House Republicans tweaked their measure Wednesday to enhance its prospects of passage after a worse-than expected cost estimate from congressional budget analysts on Tuesday. The changes were modest, but under arcane budget conventions, they brought projected savings for 2012 to $22 billion, part of a 10-year cut of $917 billion. That would trigger a $900 billion increase in the debt limit.

While the Boehner and Reid measures differed in key details, they also shared similarities that underscored the concessions made by the two sides in recent days. Reid’s bill does not envision a tax increase to reduce deficits, a bow to Republicans. But neither does the House measure require passage of a constitutional balanced budget amendment for state ratification, a step in the direction of Obama and the Democrats.

For Boehner, the vote shaped up as a critical test of his ability to lead a fractious majority that includes 87 first-term lawmakers, many of them elected with tea party support.

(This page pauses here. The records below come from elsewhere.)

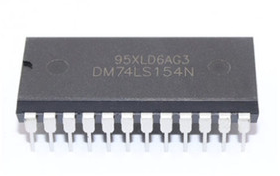 SN74LS154N 74LS154 DIP-24 直插宽体 4线到16线解码器/解复用器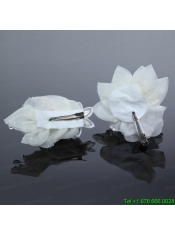 2014 White Rhinestone and Pearl Wedding Hair Flowers
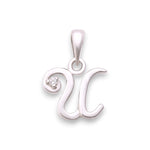 Load image into Gallery viewer, 925 Sterling Silver "U" Letter Cz Pendant For Men And Women - Taraash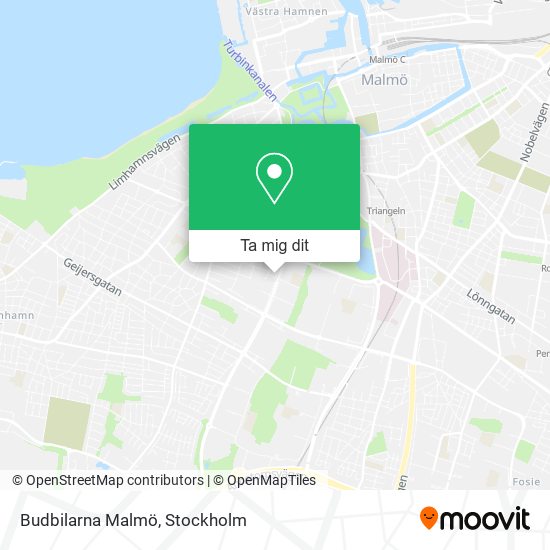 Budbilarna Malmö karta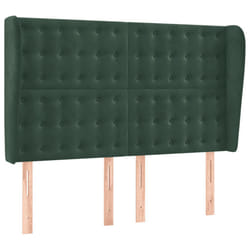 VidaXL 3118441 tête de lit et pied de lit Vert foncé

Passage also was imperative to maximize Boehner’s leverage with Obama and Reid in a fast-approaching endgame.

Boehner showed fire in a meeting Wednesday with the Republican caucus.

“Get your ass in line,” Boehner told the rank and file. “I can’t do this job unless you’re behind me.”

But one such first-term Republican said again Thursday he likely would oppose the measure.

“Right now, I can’t” vote for it, Rep. Joe Walsh of Illinois told CBS’s “The Early Show.”

He did give Boehner credit for working hard on the problem and called the speaker’s proposal “a step in the right direction.”

Walsh said that Congress is “too obsessed” with the Aug. 2 default deadline, saying chances of getting more meaningful deficit-reduction right would be better if lawmakers weren’t wedded to that drop-dead date. “We’ve got plenty of revenues in August to service our debt,” he said.